Jury selected in Jackson for Vanessa Coleman trial

Jury selected in Jackson for Vanessa Coleman trial

Posted:
Vanessa Coleman listening to proceedings on Friday. Vanessa Coleman listening to proceedings on Friday.
500 potential jurors were screened in two different Jackson courtrooms. 500 potential jurors were screened in two different Jackson courtrooms.
"Your first responsibility, ladies and gentlemen, is to follow the law," Judge Jon Kerry Blackwood told jurors. "Your first responsibility, ladies and gentlemen, is to follow the law," Judge Jon Kerry Blackwood told jurors.

By STEPHANIE BEECKEN
6 News Reporter

JACKSON (WATE) - Jurors were selected Friday in the case against Vanessa Coleman, one of the four defendants in the Christian-Newsom murders.

Vanessa Coleman faces charges of facilitating Channon Christian's murder, kidnapping, rape and theft. She was convicted in 2010, but was granted a new trial because of Judge Richard Baumgartner's addiction to pain pills.

On Friday, 500 potential jurors were screened in two different Jackson courtrooms. The selection took place there because of the high-profile nature of the case.

Judge Jon Kerry Blackwood, who was removed from the other three Christian-Newsom trials, is still presiding in the case against Coleman.

Judge Blackwood held a discussion with jurors for about 30 minutes, telling them about the duty and responsibility of being a member of the jury.

"Your first responsibility, ladies and gentlemen, is to follow the law," said Judge Blackwood. "You must be absolutely honest and candid with every question regarding your qualifications to serve as juror."

The potential jurors were then asked to form a line for people who claimed it would be a hardship to participate in the trial.

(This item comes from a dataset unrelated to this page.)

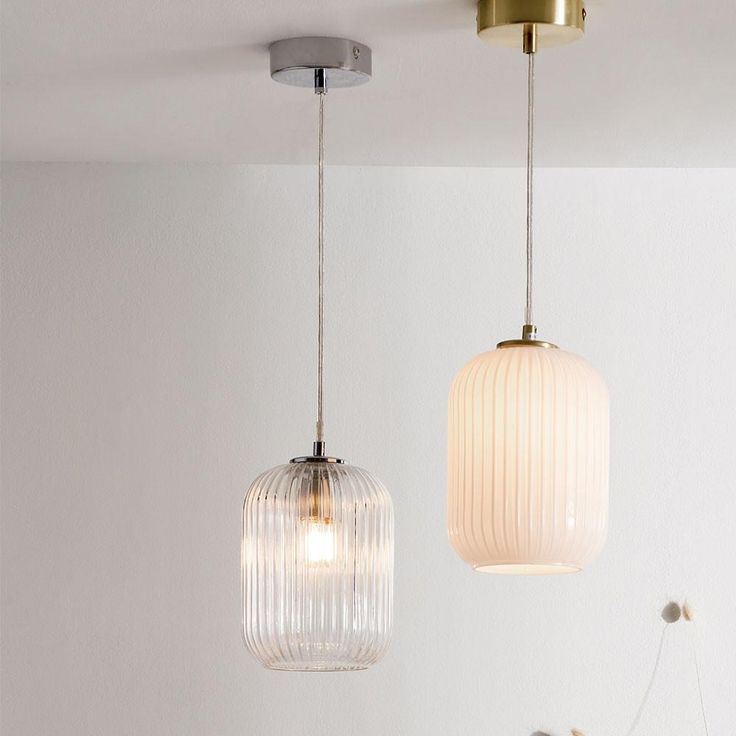 two glass pendant lights hanging from the ceiling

Out of 200 people in one courtroom alone, only about 70 people were left after the hardship dismissals.

During proceedings, Coleman was dressed in pink with a new hairstyle, her red hair dyed back to black. She gave a shy smile to potential jurors as the judge introduced her.

Judge Blackwood said the trial would take about a week and that jurors will be sequestered in Knox County during that time.

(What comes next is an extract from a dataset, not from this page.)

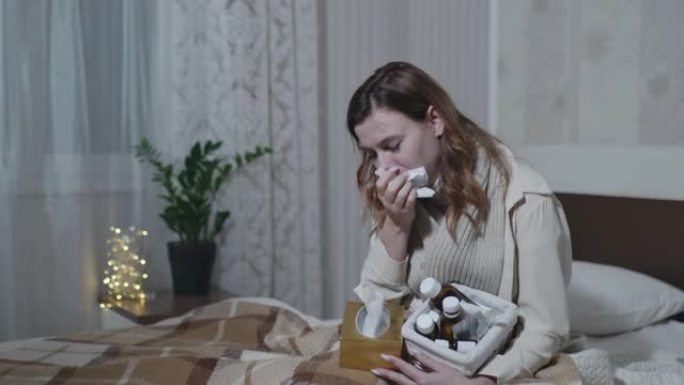 生病的女孩因感冒或流感咳嗽而感到喉咙痛，用餐巾纸捂住嘴，坐在沙发上时将药物浸入温暖的毯子中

"This is going to be hard. This is going to be difficult," said the judge. "You will be separated from your family for a period of time and we are going to try and move through the case as fast as we can to get you back home."

Fourteen people were later called to the jury box for more questioning, where they were asked if they previously knew anything about the case and whether they had formed an opinion.

Three had heard of the case. One potential juror had seen a Nancy Grace episode about the case that had aired the previous night, but claimed not to have formed an opinion about it.

The Knox County Assistant District Attorney then began asking questions to 16 potential jurors.

Prosecutors explained to them what they had to prove in the case. They described premeditation to the jurors as thinking before you act, like when driving.

They also asked jurors whether Coleman's charges meant they thought she was a little guilty. The potential jurors remained silent.

"The burden of proving her guilt or not proving her guilt rests with the State of Tennessee and that means she does not have to question any witnesses and does not have to take the witness stand," said Judge Blackwood.

The defense also asked whether they would find Coleman not guilty if they had a reasonable doubt.

They also asked if the potential jurors thought Casey Anthony jurors made the wrong decision. One person raised their hand.

After the day's proceedings, 12 jurors and six alternates were selected for the trial.

Only four alternates were planning to travel Knoxville on Monday. The trial was scheduled to begin on Tuesday at 9:00 a.m.

Of the sixteen traveling to Knoxville, eight were men and eight were women. Seven of the jurors were white and nine were black. A wide range of ages were represented in the jury pool.

The jury was scheduled to be bused to Knoxville to take part in the trial.